Caption-style text data
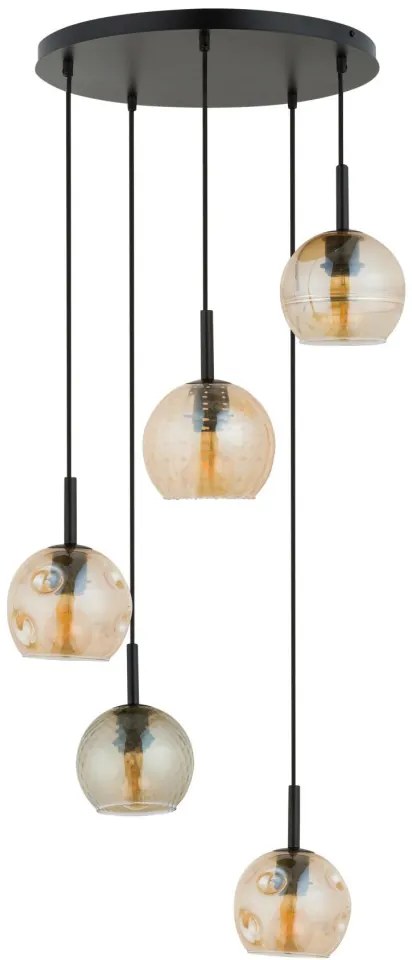 SIGMA LIGHTING 32183 COMO Többágú Függesztett Lámpa Borostyán, Fekete E27 IP20
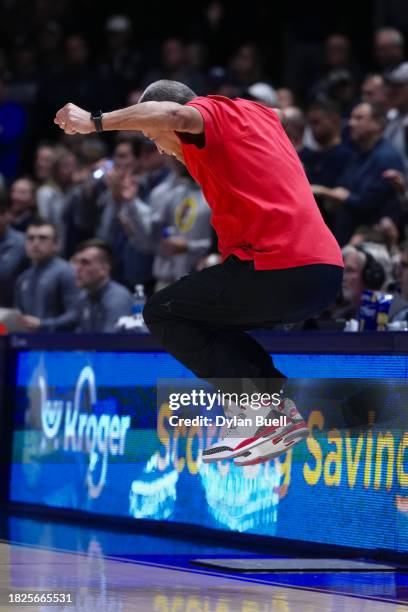 Head coach Kelvin Sampson of the Houston Cougars reacts in the second half against the Xavier Musketeers at the Cintas Center on December 01, 2023 in...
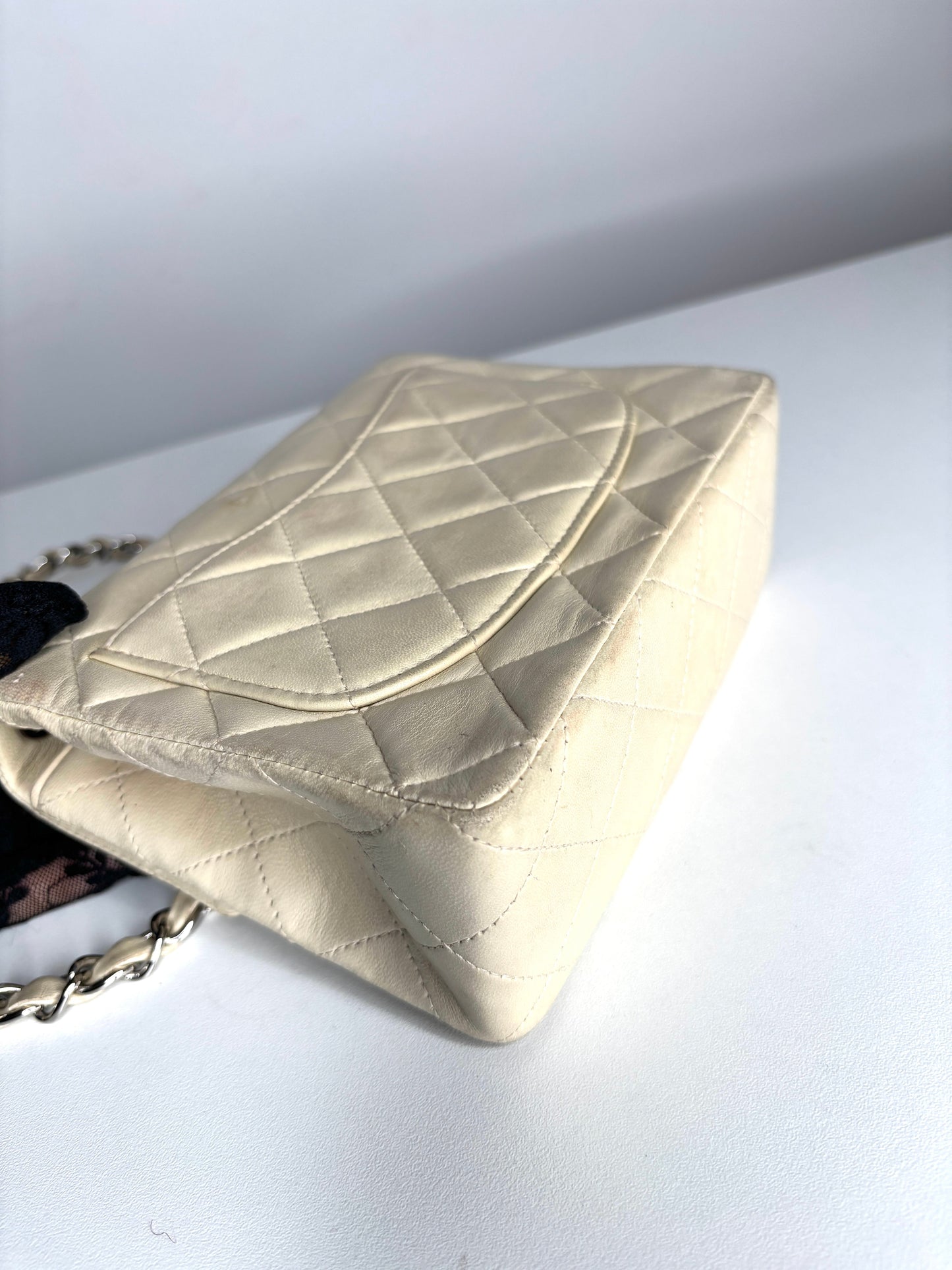 Chanel Mini Flap Square Ivory Lambskin Shoulder Bag - Preloved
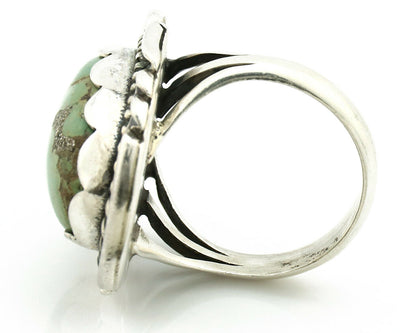 Navajo Ring .925 Silver Natural Uncolored Green Turquoise Signed Apache C.80's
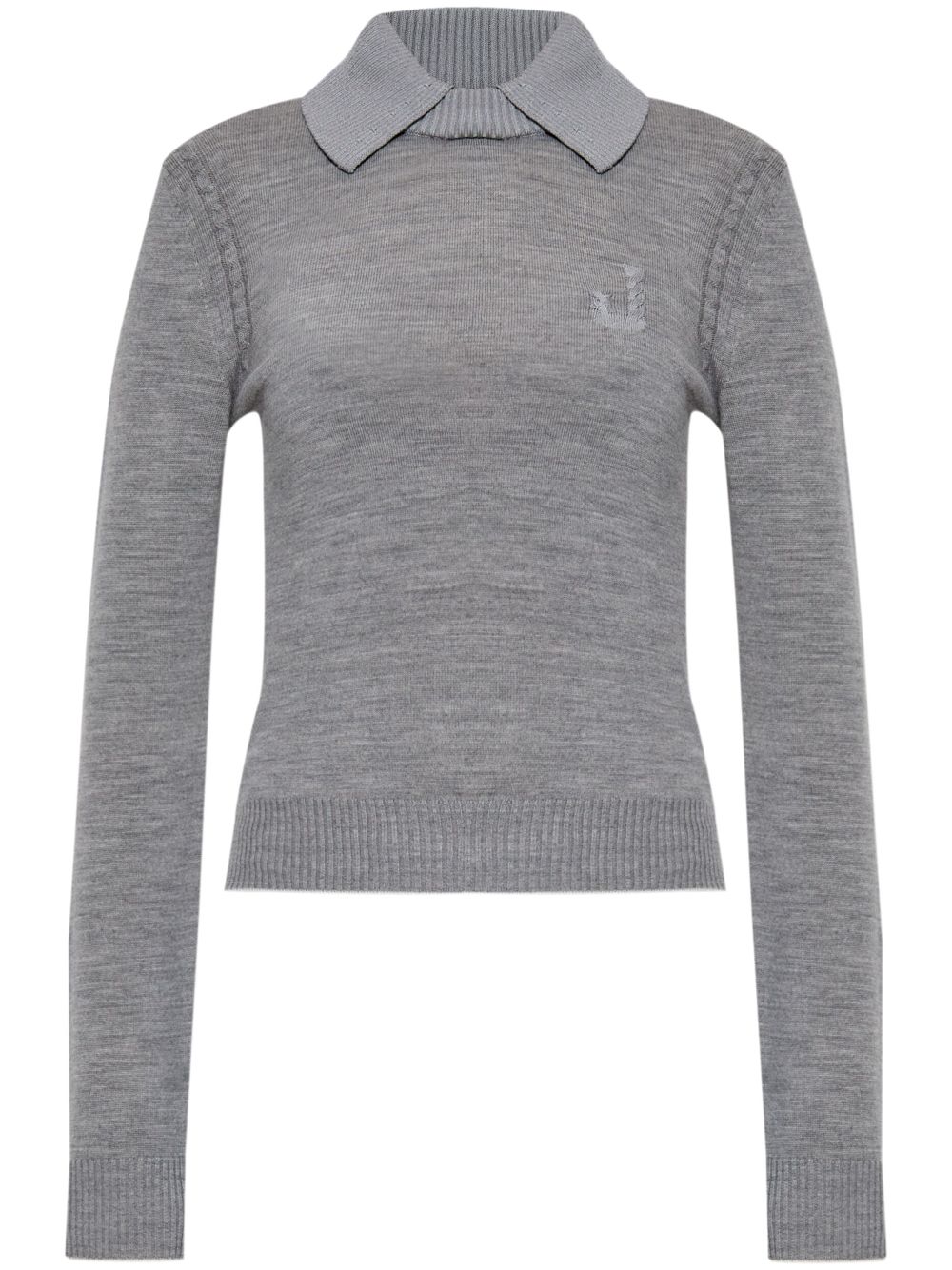 Jacquemus logo-embroidered jumper - Grey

* _THE PROBLEM_
Exclude the pictures and repeat the entries word for word.

* _ANSWER FOR THIS EXERCISE_
 SIGMA LIGHTING 32183 COMO Többágú Függesztett Lámpa Borostyán, Fekete E27 IP20
 Head coach Kelvin Sampson of the Houston Cougars reacts in the second half against the Xavier Musketeers at the Cintas Center on December 01, 2023 in...
 Chanel Mini Flap Square Ivory Lambskin Shoulder Bag - Preloved
 Navajo Ring .925 Silver Natural Uncolored Green Turquoise Signed Apache C.80's
 Jacquemus logo-embroidered jumper - Grey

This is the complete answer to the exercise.